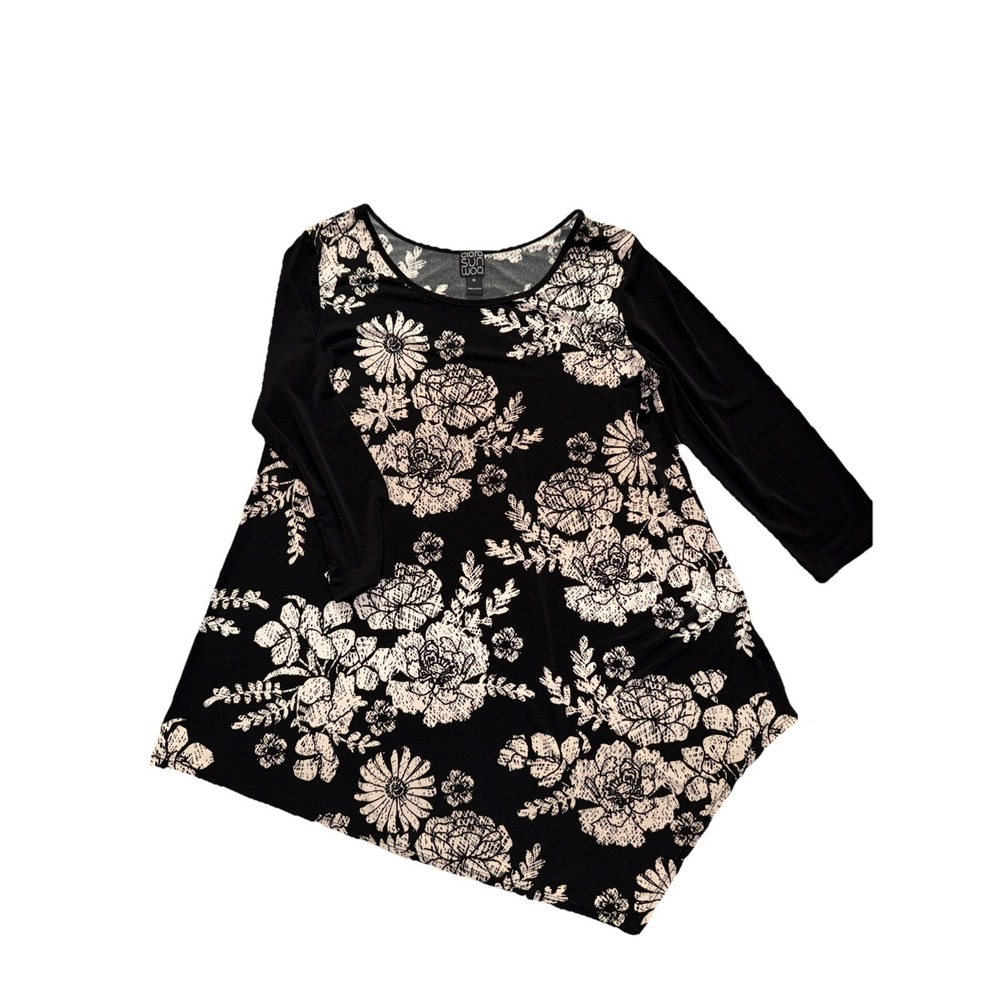 Clara Sun Woo Tunic M Asymmetrical Floral Black Beige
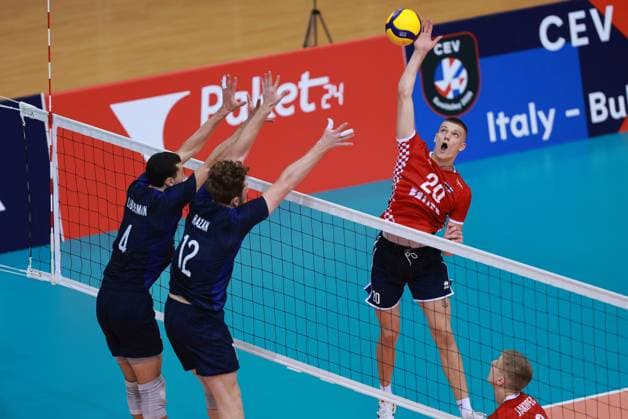 CEV EuroVolley 2026 Qualification CRO vs ISR Gabrijel Cvanciger hits a ball during CEV EuroVolley 2026 Qualification Phase Pood D match between Croatia and Israel at Gradski Vrt Sports Hall in Osijek, Croatia on August 21, 2024.  DavorxJavorovic PIXSELL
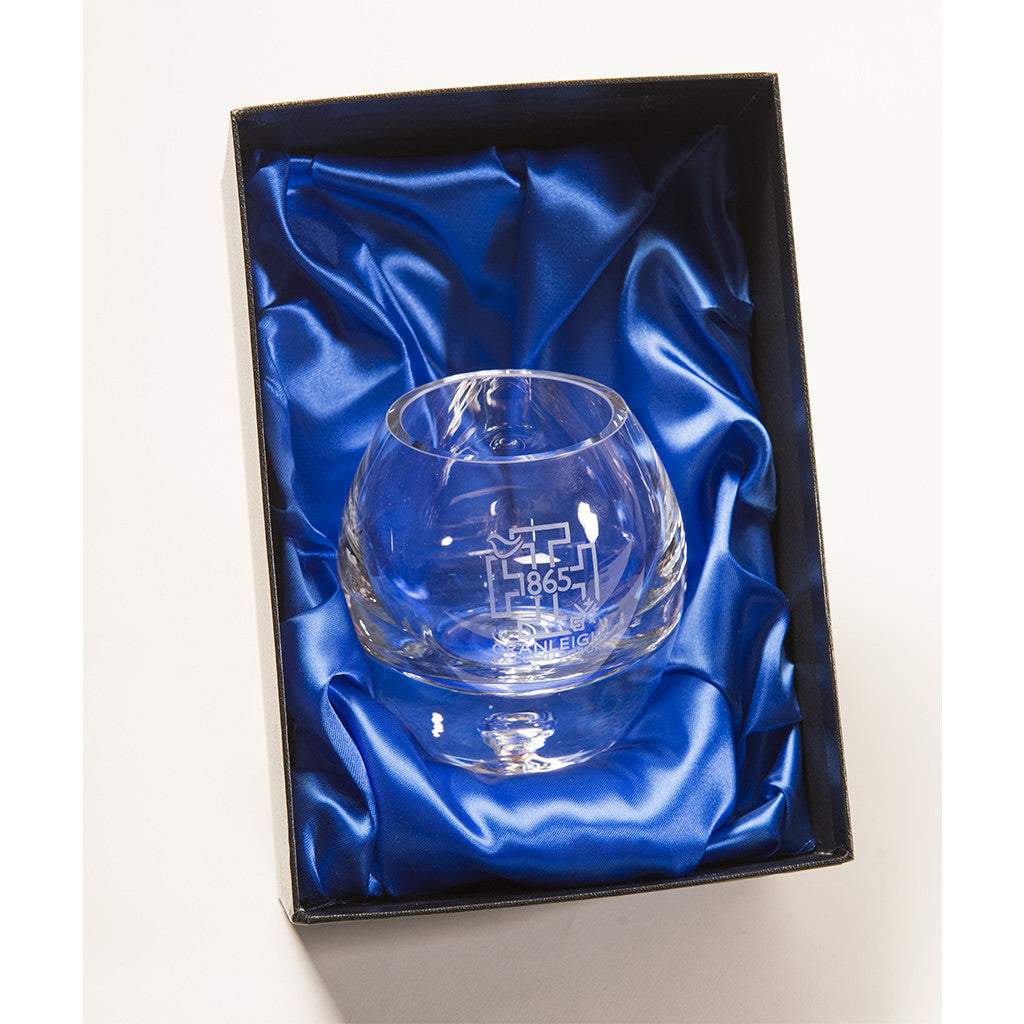 '1865' Handmade Engraved Glass Bubble Base Candleholder or Bud Vase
____________
- EXERCISE INSTRUCTIONS
Write the listing out a second time exactly, dropping all images.

- TASK ANSWER
 Clara Sun Woo Tunic M Asymmetrical Floral Black Beige
 CEV EuroVolley 2026 Qualification CRO vs ISR Gabrijel Cvanciger hits a ball during CEV EuroVolley 2026 Qualification Phase Pood D match between Croatia and Israel at Gradski Vrt Sports Hall in Osijek, Croatia on August 21, 2024.  DavorxJavorovic PIXSELL
 '1865' Handmade Engraved Glass Bubble Base Candleholder or Bud Vase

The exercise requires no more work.